# Moving to USA HELP!!!



## deoduce (Jun 23, 2014)

Hey everyone,

Im looking to move to the US soon. I work in timber flooring and will be looking to be in the same field. I would have my own tools and will get myself some work whilst there. 

I currently live in Melbourne and there is a fair bit of work here and was hoping i could find a city that would have same amount of opportunities. Has anyone had any experience within the home renovation industry in the states ? Could you give me some advice on whether or not it is a good idea to go to the states and would i be able to find some work to keep me surviving for a few months.
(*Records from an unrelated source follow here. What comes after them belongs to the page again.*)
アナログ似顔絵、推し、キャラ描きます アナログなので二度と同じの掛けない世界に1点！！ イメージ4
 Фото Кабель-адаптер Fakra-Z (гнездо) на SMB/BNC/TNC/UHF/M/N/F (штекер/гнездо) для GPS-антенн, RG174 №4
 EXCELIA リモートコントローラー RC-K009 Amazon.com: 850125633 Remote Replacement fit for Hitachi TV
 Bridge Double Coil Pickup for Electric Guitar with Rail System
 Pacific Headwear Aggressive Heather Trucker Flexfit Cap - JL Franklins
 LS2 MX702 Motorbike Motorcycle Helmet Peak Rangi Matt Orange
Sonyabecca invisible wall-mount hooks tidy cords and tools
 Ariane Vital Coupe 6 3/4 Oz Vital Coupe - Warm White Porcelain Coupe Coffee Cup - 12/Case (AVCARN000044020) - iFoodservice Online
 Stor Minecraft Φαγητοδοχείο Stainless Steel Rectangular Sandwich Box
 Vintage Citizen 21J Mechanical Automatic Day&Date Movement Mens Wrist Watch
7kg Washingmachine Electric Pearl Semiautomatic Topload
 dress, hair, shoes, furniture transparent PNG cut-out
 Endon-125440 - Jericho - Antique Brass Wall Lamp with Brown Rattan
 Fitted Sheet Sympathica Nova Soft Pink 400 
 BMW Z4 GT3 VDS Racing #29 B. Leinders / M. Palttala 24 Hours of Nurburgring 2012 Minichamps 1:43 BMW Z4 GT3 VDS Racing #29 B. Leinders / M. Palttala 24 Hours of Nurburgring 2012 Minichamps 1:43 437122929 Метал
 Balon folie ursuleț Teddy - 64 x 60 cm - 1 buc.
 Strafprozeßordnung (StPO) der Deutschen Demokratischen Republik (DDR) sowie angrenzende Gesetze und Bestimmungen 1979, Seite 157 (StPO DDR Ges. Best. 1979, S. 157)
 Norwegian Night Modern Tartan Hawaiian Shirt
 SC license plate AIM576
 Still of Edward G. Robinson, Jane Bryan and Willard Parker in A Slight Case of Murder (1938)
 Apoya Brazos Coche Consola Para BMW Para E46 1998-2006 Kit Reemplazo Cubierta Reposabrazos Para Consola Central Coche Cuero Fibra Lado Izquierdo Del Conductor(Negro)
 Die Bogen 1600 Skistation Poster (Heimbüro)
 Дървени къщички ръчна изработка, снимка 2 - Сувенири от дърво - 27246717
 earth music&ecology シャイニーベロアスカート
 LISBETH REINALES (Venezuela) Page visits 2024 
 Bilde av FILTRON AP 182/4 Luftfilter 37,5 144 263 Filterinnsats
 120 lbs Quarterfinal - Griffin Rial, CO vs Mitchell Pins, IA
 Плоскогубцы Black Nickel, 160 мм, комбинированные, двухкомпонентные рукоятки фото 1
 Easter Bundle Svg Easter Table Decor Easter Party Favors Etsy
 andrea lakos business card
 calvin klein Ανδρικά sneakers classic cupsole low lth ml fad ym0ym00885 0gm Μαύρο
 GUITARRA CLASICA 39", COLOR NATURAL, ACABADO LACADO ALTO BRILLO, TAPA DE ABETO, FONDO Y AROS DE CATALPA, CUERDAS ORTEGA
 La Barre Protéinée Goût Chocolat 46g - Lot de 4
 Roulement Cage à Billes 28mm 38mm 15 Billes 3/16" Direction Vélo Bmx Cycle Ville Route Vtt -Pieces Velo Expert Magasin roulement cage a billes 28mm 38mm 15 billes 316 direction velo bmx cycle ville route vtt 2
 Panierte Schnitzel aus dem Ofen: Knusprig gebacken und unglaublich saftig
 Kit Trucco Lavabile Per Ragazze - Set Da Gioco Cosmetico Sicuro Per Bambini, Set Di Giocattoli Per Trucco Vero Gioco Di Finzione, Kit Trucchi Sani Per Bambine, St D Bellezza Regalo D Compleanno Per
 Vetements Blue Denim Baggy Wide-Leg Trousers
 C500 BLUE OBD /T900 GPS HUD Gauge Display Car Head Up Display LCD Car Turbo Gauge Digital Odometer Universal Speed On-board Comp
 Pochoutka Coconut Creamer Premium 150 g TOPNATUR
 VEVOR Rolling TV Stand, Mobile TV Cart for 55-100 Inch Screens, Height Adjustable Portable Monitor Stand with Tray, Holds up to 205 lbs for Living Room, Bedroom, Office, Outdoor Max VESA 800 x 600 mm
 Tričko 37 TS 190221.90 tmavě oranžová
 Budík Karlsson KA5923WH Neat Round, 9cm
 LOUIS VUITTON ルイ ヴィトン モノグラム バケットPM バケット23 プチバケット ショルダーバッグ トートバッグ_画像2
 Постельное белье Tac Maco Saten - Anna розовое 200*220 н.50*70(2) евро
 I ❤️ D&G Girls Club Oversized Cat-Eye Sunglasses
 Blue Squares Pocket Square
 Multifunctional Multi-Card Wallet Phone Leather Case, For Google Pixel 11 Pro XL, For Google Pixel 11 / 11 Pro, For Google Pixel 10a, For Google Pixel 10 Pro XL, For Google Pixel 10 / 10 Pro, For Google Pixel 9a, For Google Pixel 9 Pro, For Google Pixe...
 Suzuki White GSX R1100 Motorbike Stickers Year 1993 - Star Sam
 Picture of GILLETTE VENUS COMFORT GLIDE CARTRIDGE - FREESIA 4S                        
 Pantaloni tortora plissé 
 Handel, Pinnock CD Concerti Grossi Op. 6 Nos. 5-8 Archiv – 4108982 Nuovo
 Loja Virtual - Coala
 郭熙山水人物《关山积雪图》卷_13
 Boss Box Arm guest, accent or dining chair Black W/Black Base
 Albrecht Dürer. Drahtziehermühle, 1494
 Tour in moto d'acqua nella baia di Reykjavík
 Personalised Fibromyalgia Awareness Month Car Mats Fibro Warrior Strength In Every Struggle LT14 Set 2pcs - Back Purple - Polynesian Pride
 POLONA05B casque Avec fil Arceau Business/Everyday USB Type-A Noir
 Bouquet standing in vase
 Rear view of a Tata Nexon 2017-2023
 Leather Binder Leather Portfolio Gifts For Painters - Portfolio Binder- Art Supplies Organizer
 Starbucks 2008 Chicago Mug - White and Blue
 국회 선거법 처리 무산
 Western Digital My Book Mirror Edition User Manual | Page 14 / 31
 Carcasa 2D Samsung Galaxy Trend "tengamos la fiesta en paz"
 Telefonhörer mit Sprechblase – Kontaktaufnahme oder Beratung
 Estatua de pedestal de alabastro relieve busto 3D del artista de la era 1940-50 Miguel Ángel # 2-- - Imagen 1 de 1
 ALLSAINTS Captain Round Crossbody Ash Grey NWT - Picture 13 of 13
Places with many apartments is not that good because the homes would be small which means no money, so i would be looking for customers who are replaing their carpet etc.

Also living expenses, what it would cost me a monthly basis..

Any help would be very much appreciated.


----------



## Bevdeforges (Nov 16, 2007)

The biggest issue for you is going to the visa. Unless you've won the diversity lottery or are marrying a US citizen, you are going to have to find the job first and then have your employer-to-be sponsor your visa application. (And that isn't easy.)
Cheers,
Bev


----------



## Davis1 (Feb 20, 2009)

there are no US visa for trade people...
a degree is the minimum requirement mostly in STEM subjects at the moment ..

employers apply for visa .. you cannot 


Pick a visa 


There are basically NINE ways that you can get a visa to live and work in the US: 

(1) Marriage (or engagement in anticipation of marriage) to a US citizen.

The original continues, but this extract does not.